Microsoft offers the code for Townhall as open source, although it requires that the software run on its Windows Azure cloud hosting platform. Running a public forum like this in the cloud is beneficial when demand outstrips your expectations, as it did for the House Republicans, said Evan Burfield, CEO of Synteractive. "They expected they might get 10,000 people in the first week, and they got 400,000," he said.
"It was fascinating to watch the long-tail effect play out," he said, referring to the Web's ability to reach people of all tastes and opinions. At first, the site was flooded with fringe viewpoints, but they were soon filtered out by the voting process. "Within the first week or two, most of the activity was revolving around relatively mainstream ideas," he said.
On the other hand, the ideas that persisted didn't necessarily follow the Republican script, he said. "One of the top ideas was to legalize and tax marijuana. Another was that abortion should be safe, rare, and legal."
Synteractive has created a product on top of Townhall called Social Rally. Townhall itself provides all the basic components required to build a citizen participation website, including rich connectivity to Facebook, but the list of configuration chores is potentially daunting for non-developers, Burfield said. Social Rally provides those capabilities in a neater package. In addition to being used by political campaigns, Social Rally has been adopted for other community-oriented efforts such as NBC's Education Nation discussions on improving education in the United States.
Within the next two months, Synteractive plans to release a further simplified, self-service version of Social Rally that will provide free accounts for testing and small campaigns, with upgrades available, Burfield said. To deploy the version that's available today, you have to hire his firm upfront and allow a couple of weeks for setup.

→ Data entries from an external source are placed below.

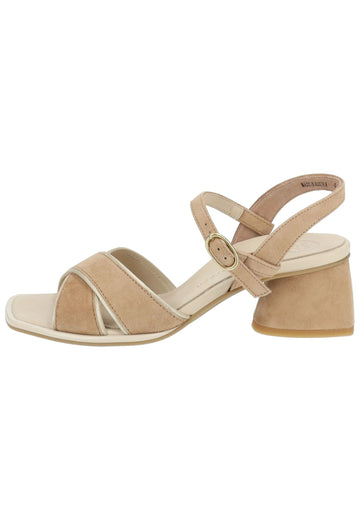Paul Green Sandalen Veloursleder Hellbraun - surf4shoes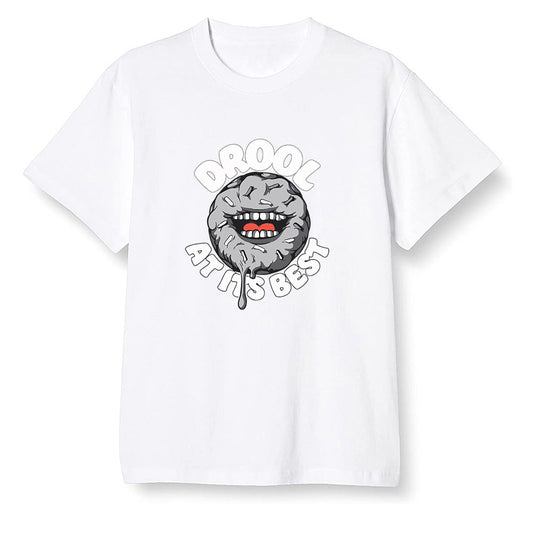 Pop Colour AJ1 Low GS Light Smoke Grey - I love Donut Drool  - White Men T-shirt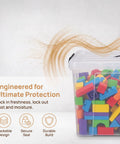 Heavy Duty 90 Quart Clear Storage Bins With Lids Six Pack holding colorful building blocks, stackable design with secure lid.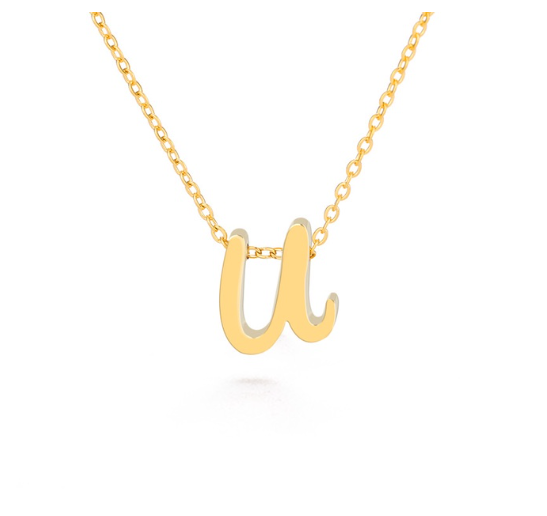 Maxzone Tiny Initial Letter Necklaces For Women Stainless Steel Old English Letter Vintage Necklace Boho Birthday Gothic Jewelry Gift U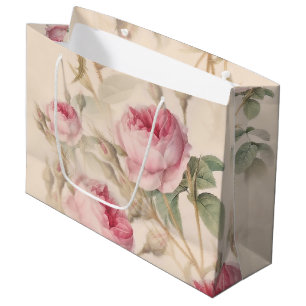 Elegantes Muster rosa Rosen Große Geschenktüte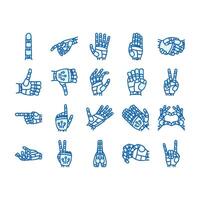 robot hand gesture ai digital icons hand drawn vector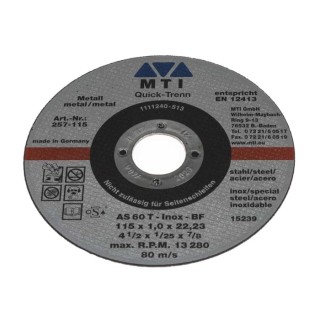 MTI Aluminium Oxide Abrasive Cutting Disc 115 mm Diameter 1 mm Thickness 22.2 mm Bore Size 257-115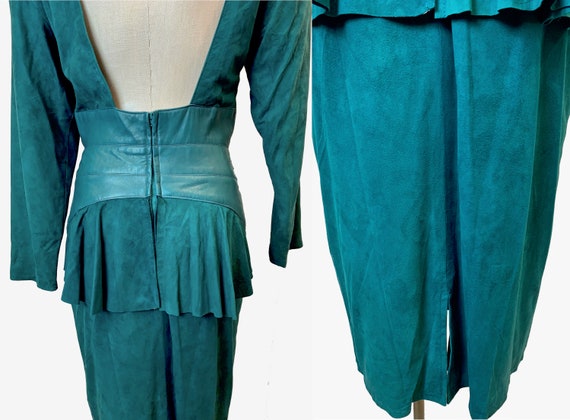 80s Ultra Soft Kid SUEDE Dress | Teal Leather Cor… - image 6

Developers can also access Social Rally as a platform, changing the parts of the system that handle identity, reputation, profiles, and connections to other social networks. The initial examples will be in C#, one of the Microsoft programming languages, but other languages such as PHP will be supported as well.
The underlying Townhall software is available as open source and is getting regular updates from Microsoft's developers, but isn't yet getting significant community contributions, Burfield said. Abe Pachikara, a lead cloud evangelist for Microsoft, said the developers are considering adding Townhall to CodePlex, a Microsoft site that hosts open source projects.
The Obama campaign in 2008 famously mastered the use of technology to get out the vote, for example with an iPhone app that made it easy for people to call their friends whenever they had a few minutes to spare and interactively log whether or not that person had already voted early or absentee, with the tally stored in a central database. In 2012, technology will be a tool used by all sides--although invariably some will use it better than others, Burfield said.
"We provide the technology, but we've also gathered some observations about who has used the technology well and who hasn't," he said. "The most successful ones have a very clear concept of what they are trying to do with it." Applying the principles of gamification can help as well. In the House Republicans' effort, "there was nothing formal, but the people who generated a lot of points tended to get calls from their congressmen to talk about the ideas they had submitted."
That's one way technology can help get the people's voices heard.